Embodiments according to the second aspect may ensure that after extraction of the subpicture specific video data stream, during which the size of the pictures of the first layer may change due to subpicture extraction, scaling of the vectors for the vector based prediction using the scaling windows is performed such that the vectors are scaled to positions and sizes in accordance with positions and sizes as intended by the scaling windows provided in the multi-layered video data stream. Thus, embodiments of the second aspect allow for a combination of the usage of vector based inter-layer prediction with subpicture extraction also in cases, in which a relative picture size between a picture and its inter-layer reference picture change due to subpicture extraction, e.g. cases in which pictures of the reference layer are completely forwarded into the subpicture specific video data stream (e.g. as described with respect to the first aspect).

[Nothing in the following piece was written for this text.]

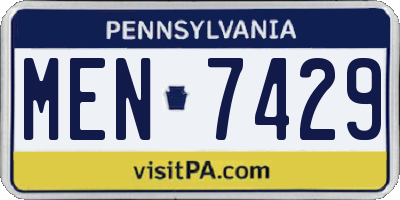 PA license plate MEN7429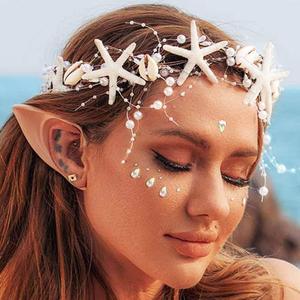 CASDRE Seashell Headband Hair Accessories Starfish Mermaid Headpiece for Women (1 Count (Pack of 1), White,Brown)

Embodiments according to a third aspect of the invention, in the encoding and/or decoding of a multi-layered video data stream inter-layer prediction tools are used for coding from/into a first layer of the multi-layered video data stream a first version of a video, the inter-layer prediction tools being used for prediction from a second layer of the multi-layered video data stream, wherein the first version is encoded and the first layer using a first configuration setting for a subpicture-wise independent coding of the first version of the video. Further, a second configuration setting for subpicture-wise independent coding is used for coding a second version of the video from/into the second layer of the multi-layered video data stream. In dependence on whether the first and second configuration settings have a predetermined relationship, a predetermined subset of one or more inter-layer prediction tools is deactivated in the inter-layer prediction from the second layer.
Accordingly, embodiments according to the third aspect allow to precisely control the usage of inter-layer prediction tools so that inter-layer prediction may also be used in cases in which pictures of a multi-layered bitstream are subdivided into subpicture, in particular, in scenarios, in which pictures of different layers of the multi-layered video data stream are subdivided into a different number of subpictures, e.g., in cases in which pictures of one layer are subdivided into subpictures whereas pictures of another layer are not subdivided into subpictures.
Embodiments according to a fourth aspect of the invention provide for an encoding or a handling of a multi-layered video bitsream having encoded thereinto pictures in a manner subdivided into independently coded subpictures in one or more first layers, and having encoded thereinto pictures in a manner unsubdivided in one or more second layers. The multi-layered video bitstream has encoded thereinto several reference decoder capability requirements sufficient for decoding a layer set, each of which includes at least one of the first layers and at least one of the second layers. For each of the reference decoder capability requirements, the multi-layered video data stream comprises information on a first fraction of the respective reference decoder capability requirement attributed to the at least one first layer, and a second fraction of the respective reference decoder capability requirement attributed to the at least one second layer.
Having information on the first fraction and on the second fraction allows for a precise determination of the decoder capability requirement associated with each of several video data streams, which may be extracted from the multi-layered video data stream, such as a subpicture specific video data stream.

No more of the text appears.